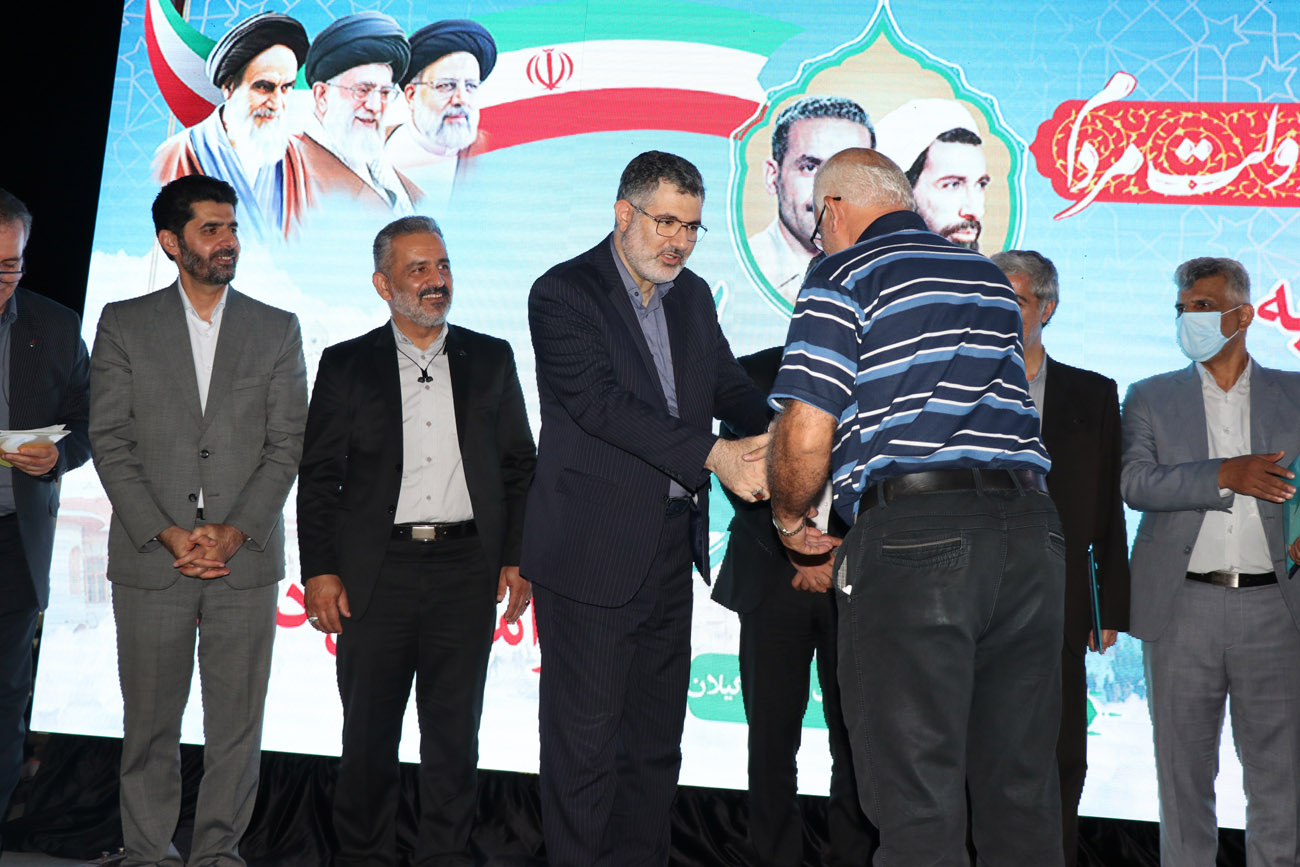 استانداری گیلان از شرکت گاز تجلیل کرد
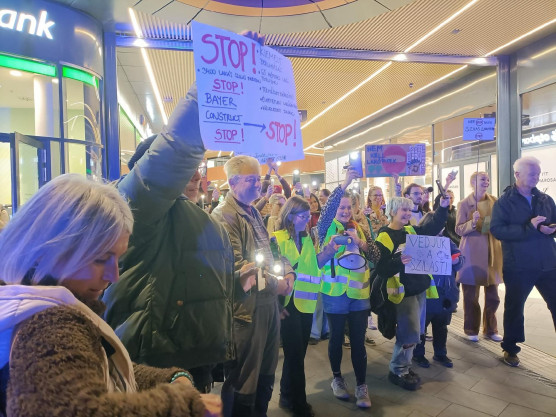 Elkezdték a toronyházakat építeni Újpalotán az ősláp mellett - A tüntetés szervezője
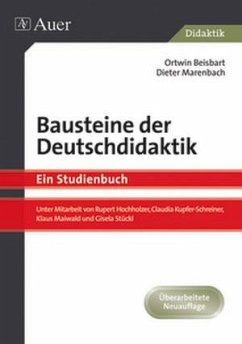 Bausteine der Deutschdidaktik - Marenbach, Dieter;Beisbart, Ortwin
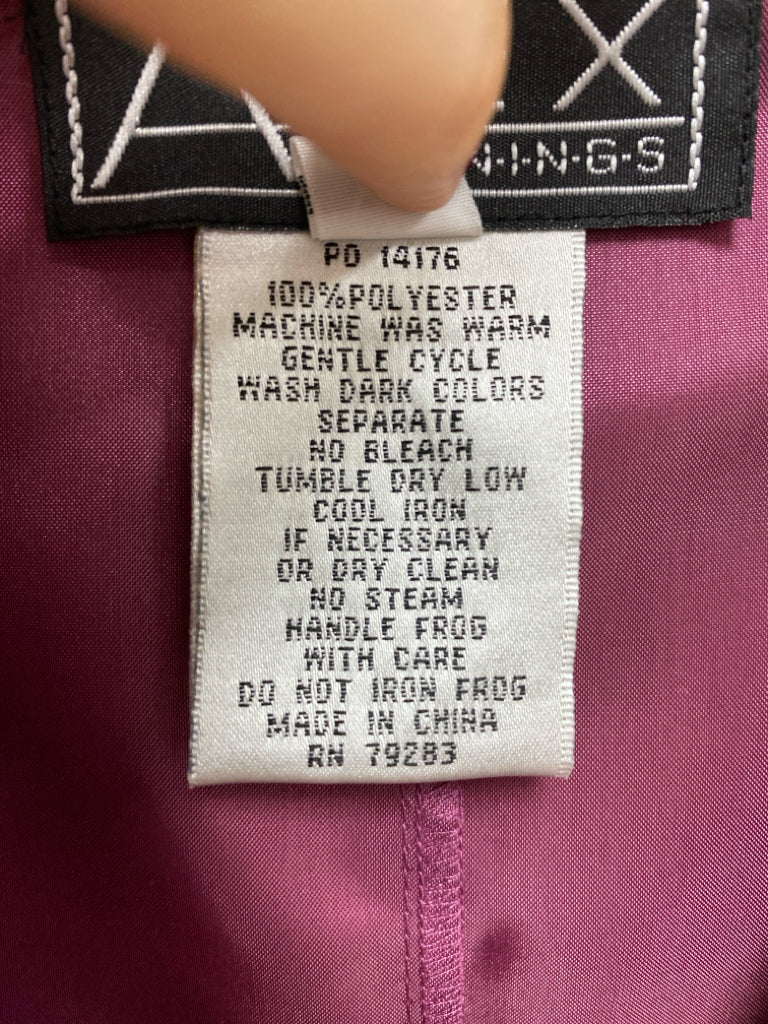 NWT ALEX EVENINGS Size XL Mauve Ladies Jacket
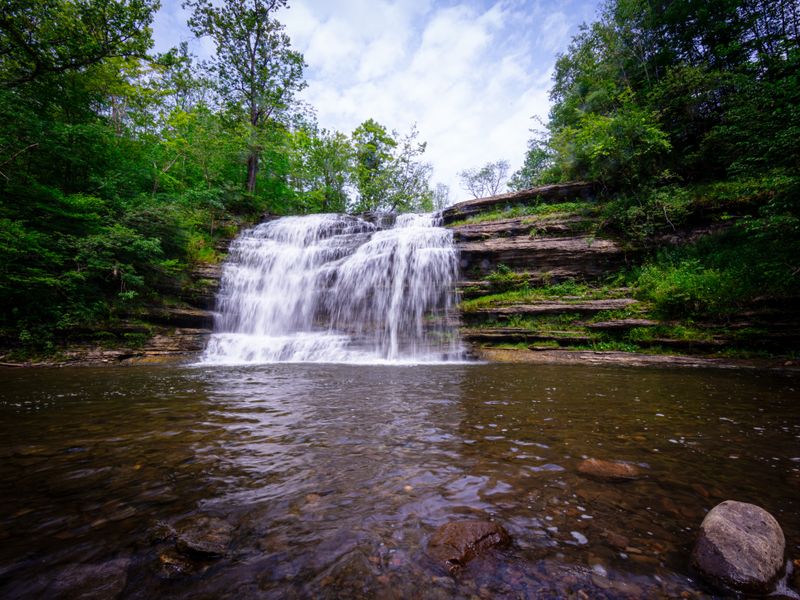Pixley Falls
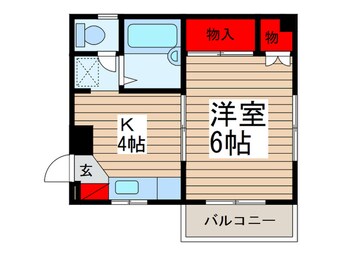 間取図 メゾンラフィーネ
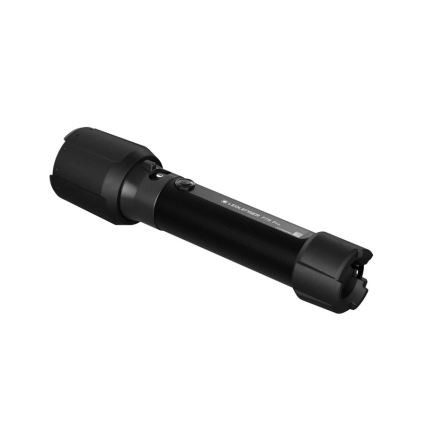 Ledlenser P7R PRO - linterna recargable LED regulable, 2000 lm, hasta 60 h, batería 4600 mAh, IP68, negra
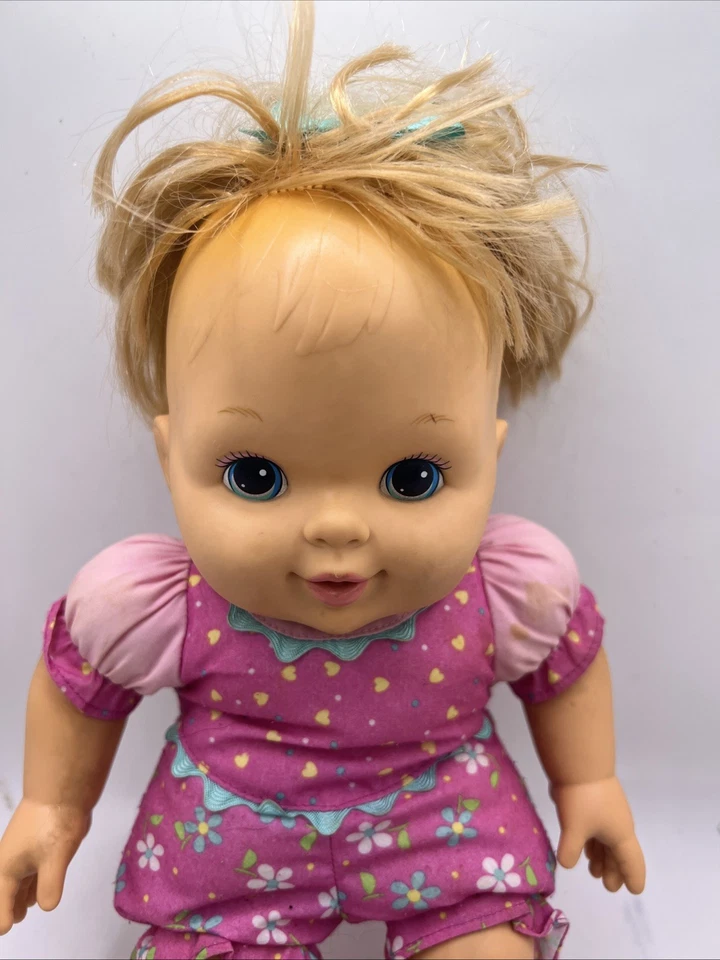 复古 1997 年 HASBRO 表盘-A-DOCTOR 婴儿娃娃 14 — 第 2/4 张图片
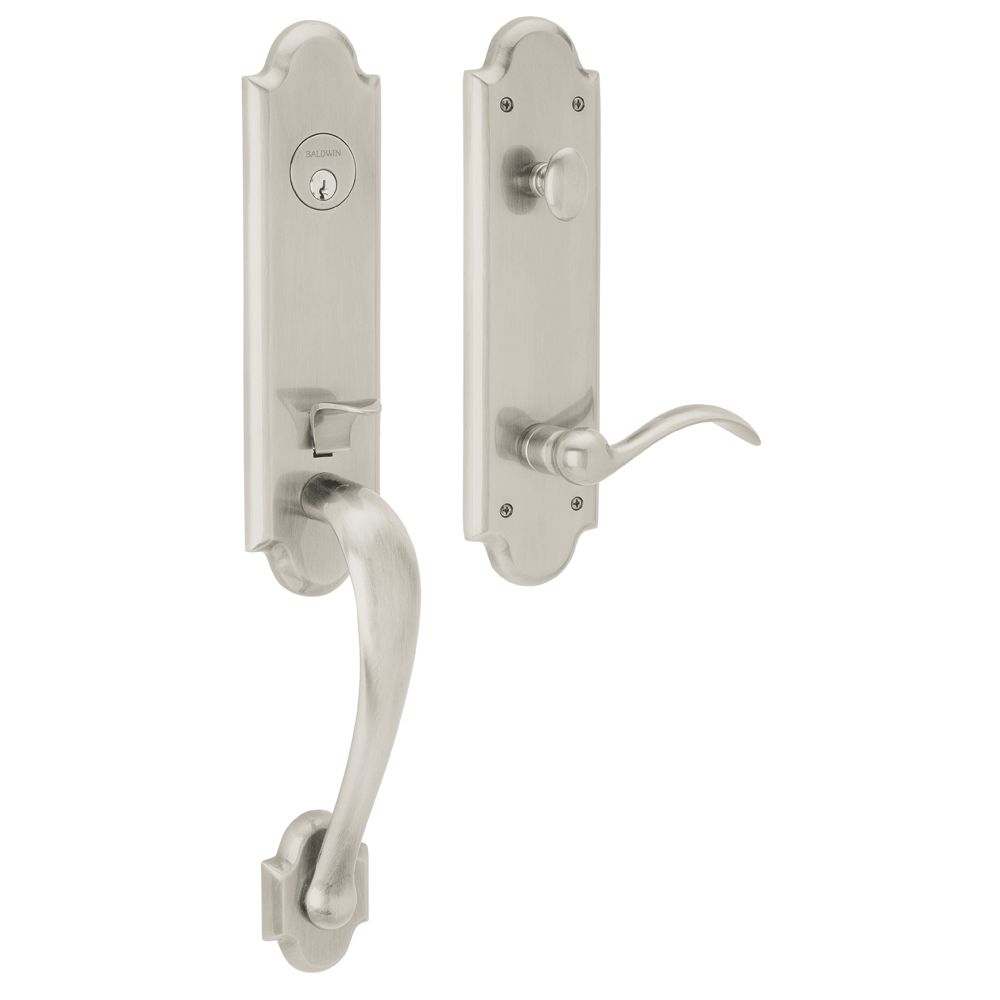 Boulder 3/4 Lever Handleset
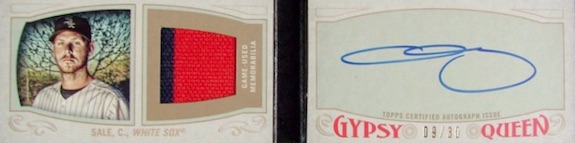 2016 Topps Gypsy Queen Baseball Cards 7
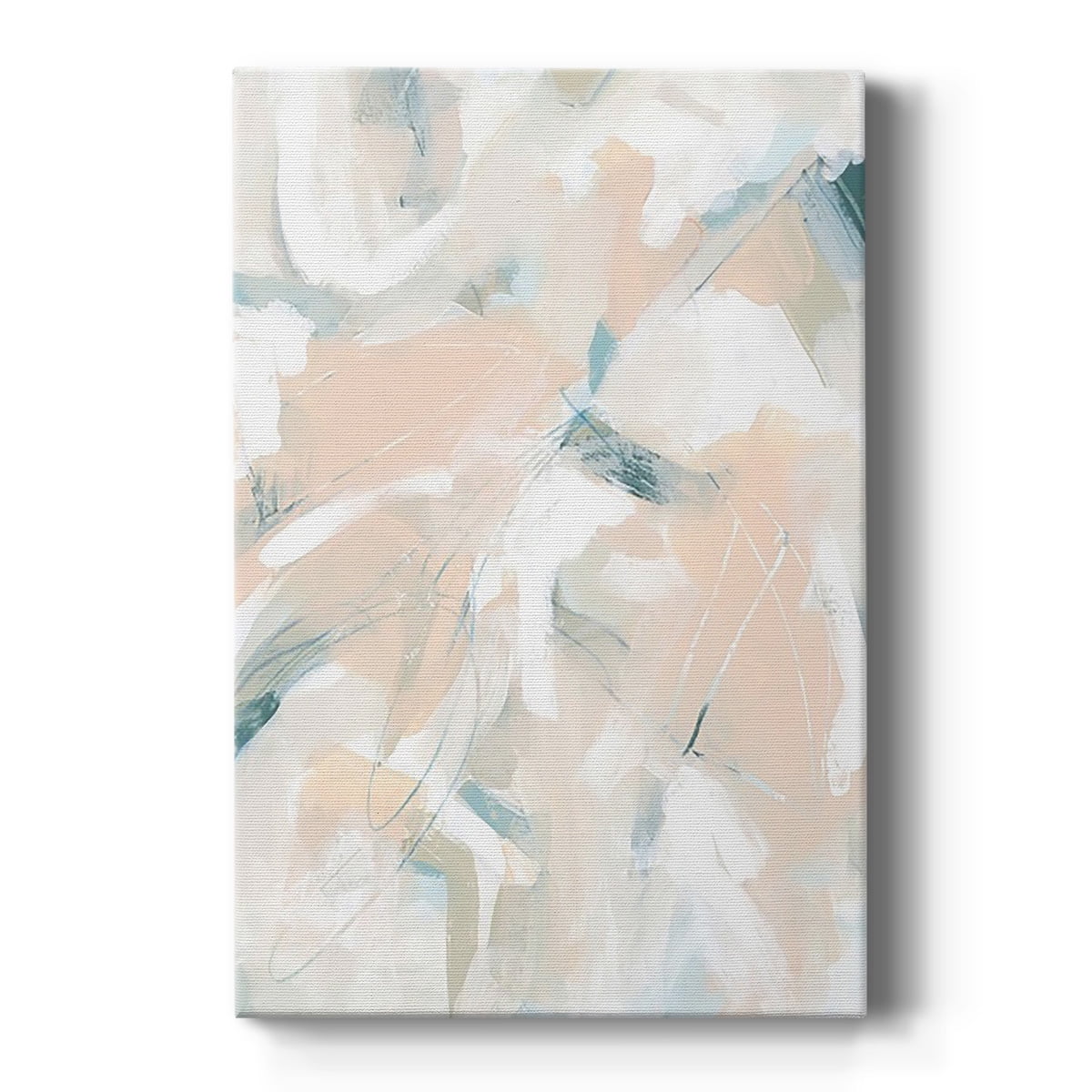 Sandstone Engraving I Premium Gallery Wrapped Canvas - Ready to Hang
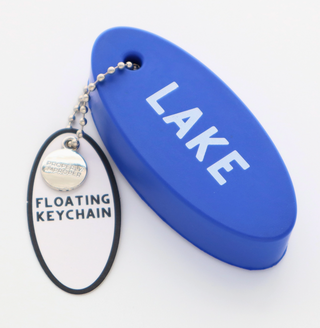lake keychain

*What the task requires:* Please transcribe exactly the lines from the one that contains "Boulder 3/4 Lever Handleset" through the closing line of the entries, with no pictures.

*Reply:*
 Boulder 3/4 Lever Handleset
 2016 Topps Gypsy Queen Baseball Cards 7
 Sandstone Engraving I Premium Gallery Wrapped Canvas - Ready to Hang
lake keychain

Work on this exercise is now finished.